### WORKING DATA:
******************************
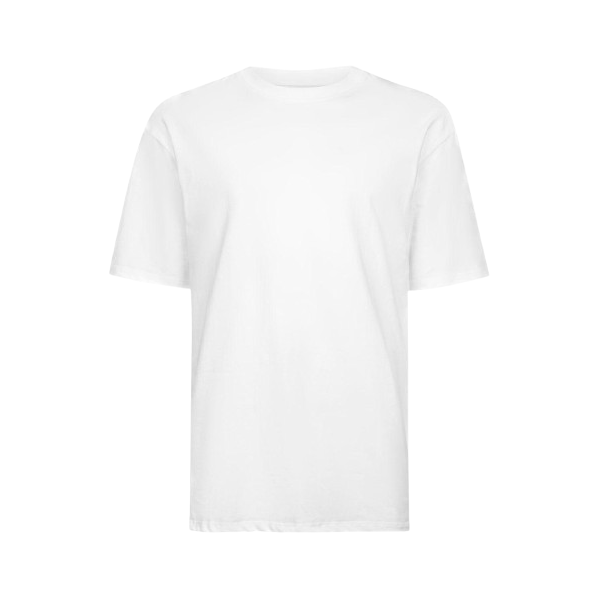 Oversized T-Shirt, White, S (Unisex)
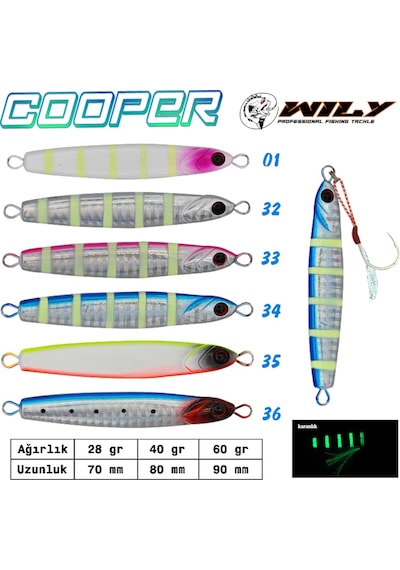 Wily Cooper Jig 40 Gr 80 Mm (511951051)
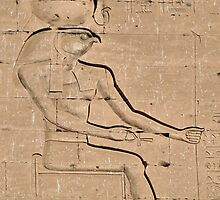 Horus god hieroglyph 2 by rhallam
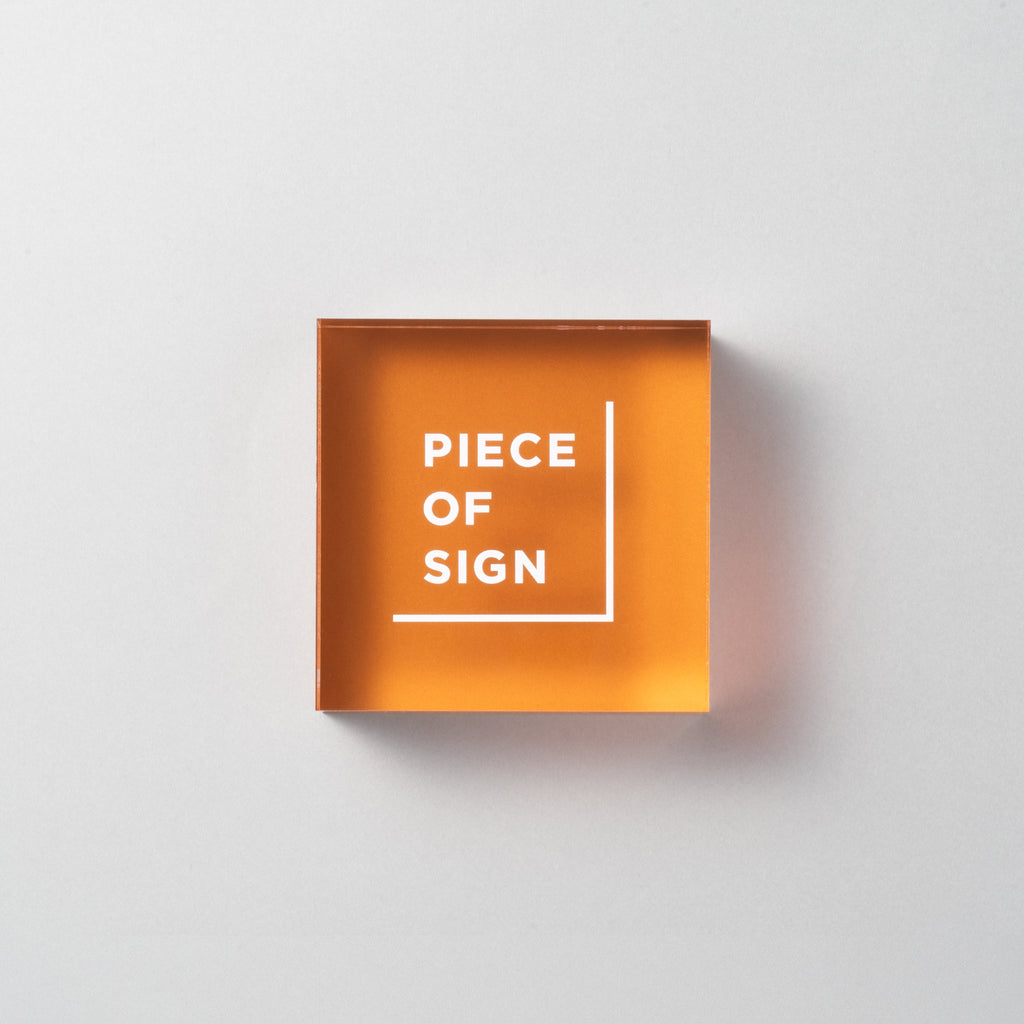 COUNTER / TABLE TOP SIGN – Acrylic Color Printing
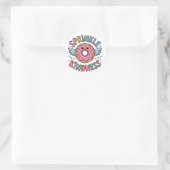 Strooi vriendelijkheid | donut ronde sticker (Tas)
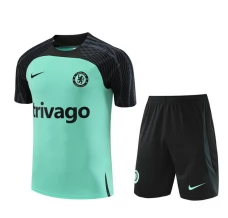 Enfant Chelsea Ensemble Maillot d'entraînement 2023/24 - Shorts Vert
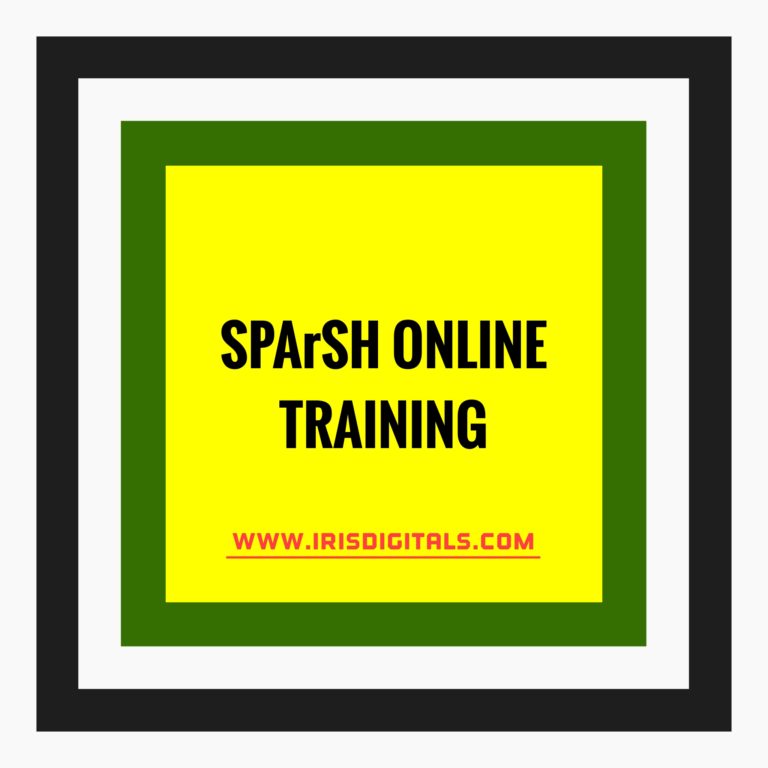 SPArSH Online Training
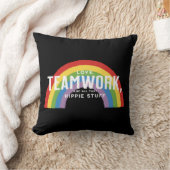 愛とチームワークとヒッピー物 クッション (ブランケット)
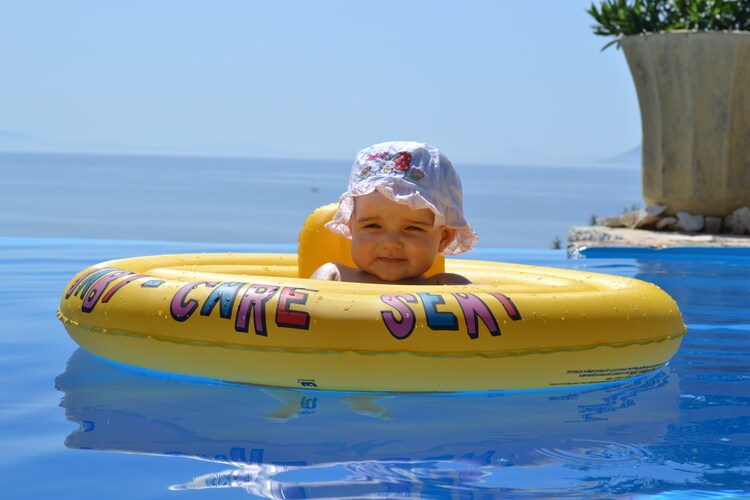 Schwimmbad des Ferienhauses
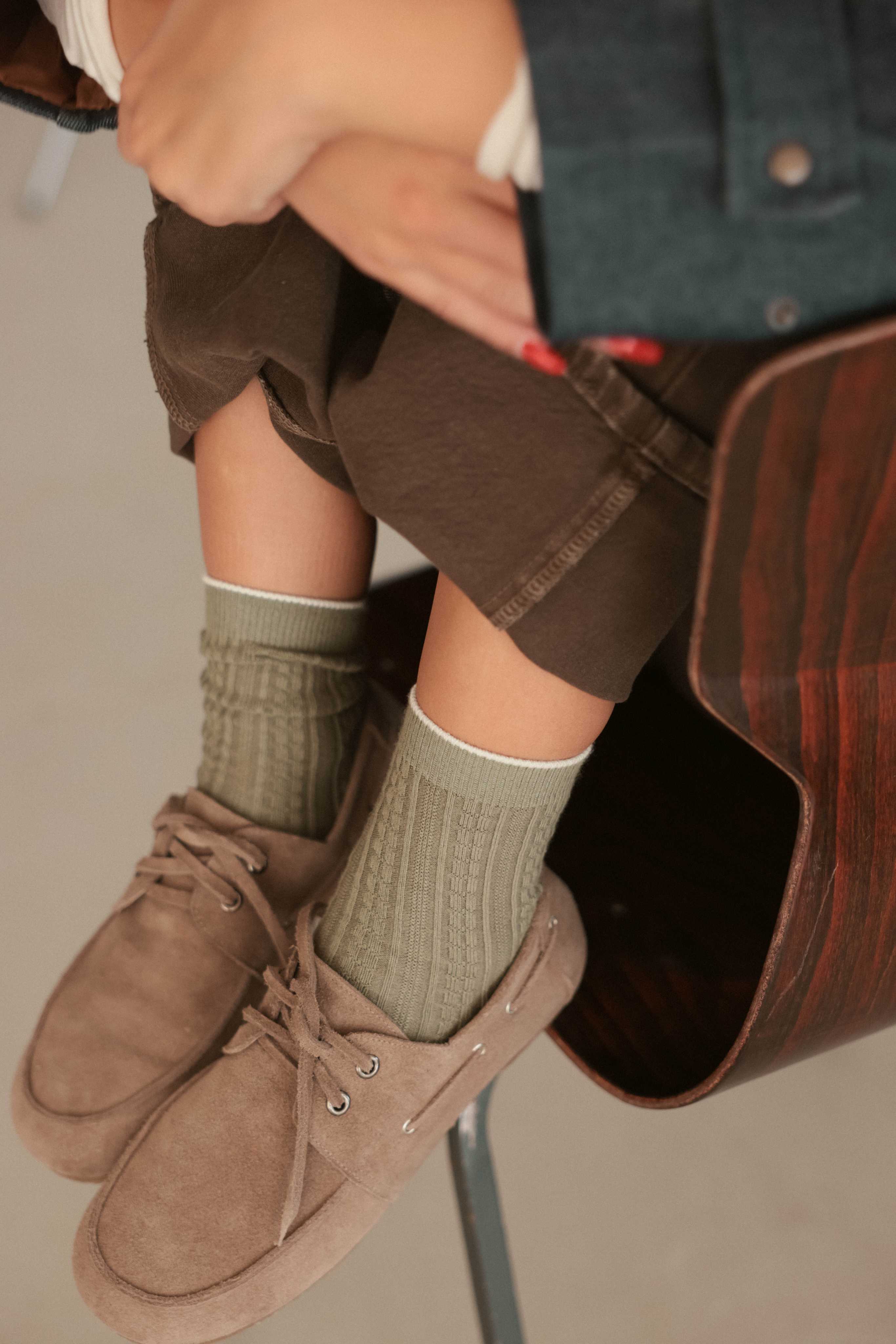Cream-colored loafer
******************************
Write the listing out again in full and unchanged, minus any pictures.

 Oversized T-Shirt, White, S (Unisex)
 Wily Cooper Jig 40 Gr 80 Mm (511951051)
 Horus god hieroglyph 2 by rhallam
 COUNTER / TABLE TOP SIGN – Acrylic Color Printing
 Strooi vriendelijkheid | donut ronde sticker (Tas)
 Enfant Chelsea Ensemble Maillot d'entraînement 2023/24 - Shorts Vert
 SPArSH Online Training
 愛とチームワークとヒッピー物 クッション (ブランケット)
 Schwimmbad des Ferienhauses
Cream-colored loafer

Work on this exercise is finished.